Prima di giungere alla soluzione interpretativa adottata, in via preliminare, le Sezioni Unite, dopo aver riconosciuto il principio di specialità come unico applicabile nella risoluzione del concorso apparente di norme, in quanto l’unico dotato di fondamento normativo, hanno tra l’altro affermato che il criterio di specialità non si pone in contrasto con il divieto del ne bis in idem, riconosciuto come diritto fondamentale anche nella CEDU e nella Carta di Nizza, dal momento che esso si sostanzia nel divieto di un ulteriore giudizio sul medesimo fatto storico, ma non pone alcuna preclusione al legislatore nazionale nel poter descrivere un fatto in più di una fattispecie e dunque non sembrerebbe venire in rilievo nel caso di specie.

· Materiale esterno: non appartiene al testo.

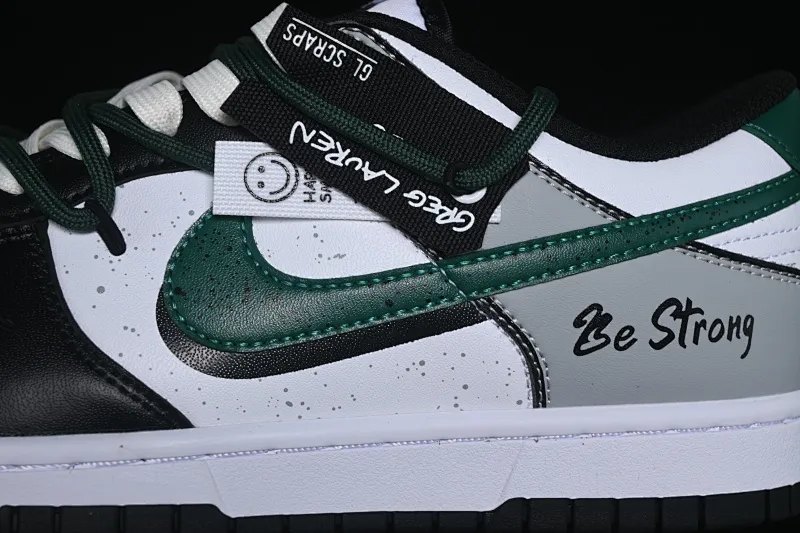All categories Nk SB Dunk series Nk SB Dunk Low low-top sneakers Nike SB Dunk Low white and green strap low-top casual sneakers DD1391-100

Tra l’altro le Sezioni Unite in questo contesto hanno ricordato anche come la stessa Corte Costituzionale abbia recentemente attribuito al divieto del ne bis in idem valore non assoluto.
Alla luce di queste considerazioni, neppure il ne bis in idem potrebbe essere considerato un valido criterio per valutare il confine tra il concorso apparente di norme e quello di reati, come spesso invece sostenuto dalla dottrina e da parte minoritaria della giurisprudenza, residuando quindi il principio di specialità quale unico criterio utilizzabile.
La Suprema Corte fonda inoltre la sua conclusione anche sul dato letterale delle due norme, nelle quali non compare alcuna clausola di riserva, il che rafforza la propensione per una qualificazione autonoma delle stesse e per l’esistenza di un concorso di reati, al quale, in via generale, è possibile derogare, a detta della stessa, solo in presenza di un’espressa clausola di riserva che imponga l’applicazione della norma incriminatrice prevalente. Ad avviso della Corte infatti la clausola di riserva sembra essere l’unico strumento, espressamente previsto dal legislatore, in grado di escludere il concorso di reati senza ricorrere al principio di specialità.
In questa pronuncia del 2017 quindi si sono affermati dei principi di diritto importanti, tra i quali soprattutto la rilevanza del solo principio di specialità quale criterio di differenziazione tra il concorso apparente di norme e il concorso di reati, con conseguente scarto degli altri criteri di elaborazione dottrinale, da un lato e risoluzione del caso di specie a favore del concorso di reati tra le due fattispecie oggetto di analisi, dall’altro.